Published November 08, 2012
NEW YORK – The number of Americans filing new claims for unemployment benefits fell last week, a sign the labor market's slow recovery was gaining traction although a severe storm distorted the data.
Initial claims for state unemployment benefits dropped 8,000 to a seasonally adjusted 355,000, the Labor Department said on Thursday. That was below the median forecast in a Reuters poll of 370,000.
The U.S. trade deficit narrowed in September as exports increased, suggesting the economy expanded more than previously believed in the third quarter.
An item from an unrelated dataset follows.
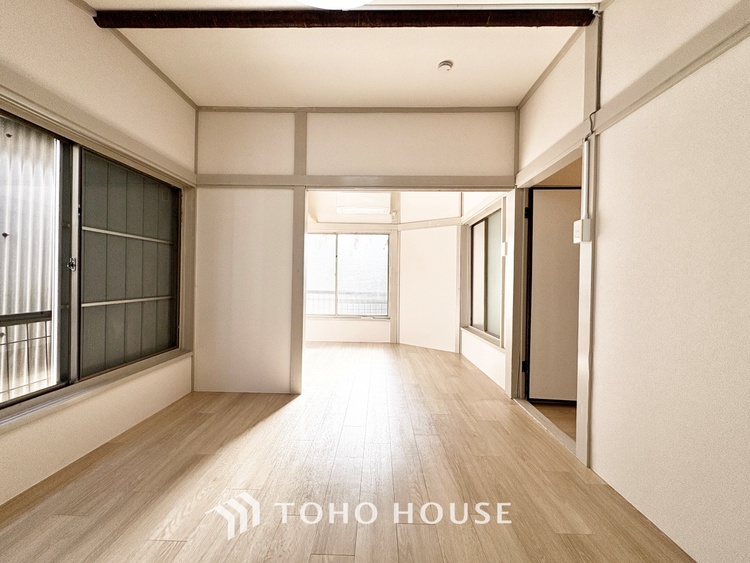 内装 【木漏れ日】の様な採光が優しく足元を照らし、心地いい暮らしの道しるべを写し出す。この空間で過ごす家族との語らいの時間がとても素敵で幸せを感じるかもしれない。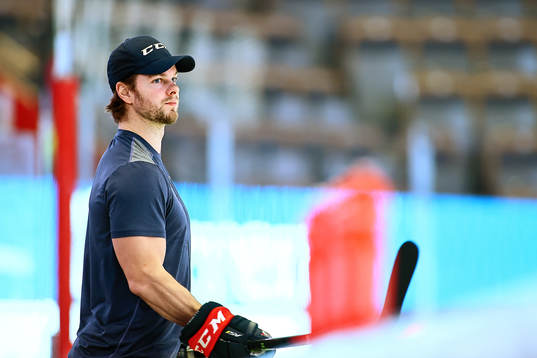 Linköpings Andrew Gordon före ishockeymatchen i SHL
The seasonally adjusted monthly trade gap fell to $41.55 billion, the smallest deficit since December 2010, the Commerce Department said on Thursday. Analysts were expecting the trade gap would widen to $45.0 billion.
JEREMY LAWSON, SENIOR ECONOMIST, BNP PARIBAS, NEW YORK
"The best way to look at trade is that weakness we saw in August and July was overstated. This is a snapback from that. This suggests export growth is weak but not contracting. Going forward, export growth should be weak as well. As for next year, the pace of growth should pick up with an improvement in global demand."
DAVID ADER, HEAD OF GOVERNMENT BOND STRATEGY, CRT CAPITAL
GROUP, STAMFORD, CONNECTICUT:
"Trade is narrower with a narrower revision and so good for GDP, say a 0.4 percent contribution, but we'll point out that the real goods balance ex-petroleum was wider. The very nuanced point is that when it comes to things, this actually represents a bit of a drag -- we bet no one else will make that point."
DAVID SLOAN, ECONOMIST, 4CAST LTD, NEW YORK:
"It is pretty difficult to interpret, given hurricane Sandy,
would expect that the net effect was depressed claims. They said in some areas it increased claims and in some areas it depressed claims but in the coming weeks claims will start rising, so it was difficult to know what the underlying figure would be. I was surprised continued claims fell quite sharply -- they are a week earlier so they shouldn't have had such a strong hurricane Sandy effect."
ADAM SARHAN, CHIEF EXECUTIVE OF SARHAN CAPITAL IN NEW YORK
"Claims came in stronger than expected, which follows a string of better-than-expected datapoints, especially on the labor front. We've seen a big spike in the trend of the jobs market in the past few months. We were stable, but since the unemployment rate dropped below 8 percent, it seems like there's been an acceleration in the amount of jobs being added. We should react positively to this."
JOSEPH TREVISANI, CHIEF MARKET STRATEGIST, WORLDWIDE
MARKETS, WOODCLIFF LAKE, NEW JERSEY
"Despite recent marginal improvement in the overall economy, there has been little corresponding improvement in jobless claims. The labor market remains flat at best."